Let $\{A\mathbf{v}_1,\ldots,A\mathbf{v}_n\}$ be linearly independent, then $c_1A\mathbf{v}_1 + \ldots + c_nA\mathbf{v}_n = \mathbf{0}$ only for all $c_i=0$. By linearity $A(c_1\mathbf{v}_1 + \ldots + c_n\mathbf{v}_n) = \mathbf{0}$ only for all $c_i=0$. [How do I conclude that $A\mathbf{x}=\mathbf{0}$ only for $\mathbf{x}=\mathbf{0}$?]. Since $A\mathbf{x}=\mathbf{0}$ only for $\mathbf{x}=\mathbf{0}$, we have $\mathrm{rank}(A)=n$ and therefore $A$ is non-singular.

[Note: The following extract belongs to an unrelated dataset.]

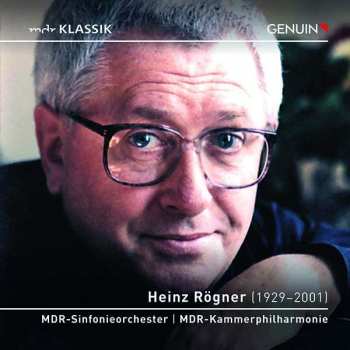 Album Felix Mendelssohn-Bartholdy: Heinz Rögner - Konzertmitschnitte Aus Dem Leipziger Gewandhaus 1994-2001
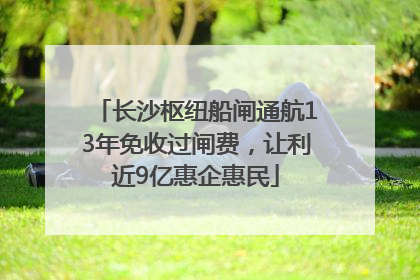 长沙枢纽船闸通航13年免收过闸费，让利近9亿惠企惠民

I tried also to prove it by showing the contrapositive but there I get stuck too:

Let $A$ be singular, then $\mathrm{rank}(A)<n$, so $A\mathbf{x}=\mathbf{0}$ has non-trivial solutions $\mathbf{x} \neq \mathbf{0}$. Suppose $c_1A\mathbf{v}_1 + \ldots + c_nA\mathbf{v}_n = \mathbf{0}$. [How do I know that one of the $\mathbf{v}_i$ is a non-trivial solution?]. Since $\mathbf{v}_i$ is a non-trivial solution of $A\mathbf{x}=\mathbf{0}$ we can choose $c_i \neq 0$ and all other $c_j=0$, so that we have found a non-trivial linear combination of the zero vector $c_1A\mathbf{v}_1 + \ldots + c_nA\mathbf{v}_n = \mathbf{0}$. Therefore $\{A\mathbf{v}_1,\ldots,A\mathbf{v}_n\}$ is linearly dependent.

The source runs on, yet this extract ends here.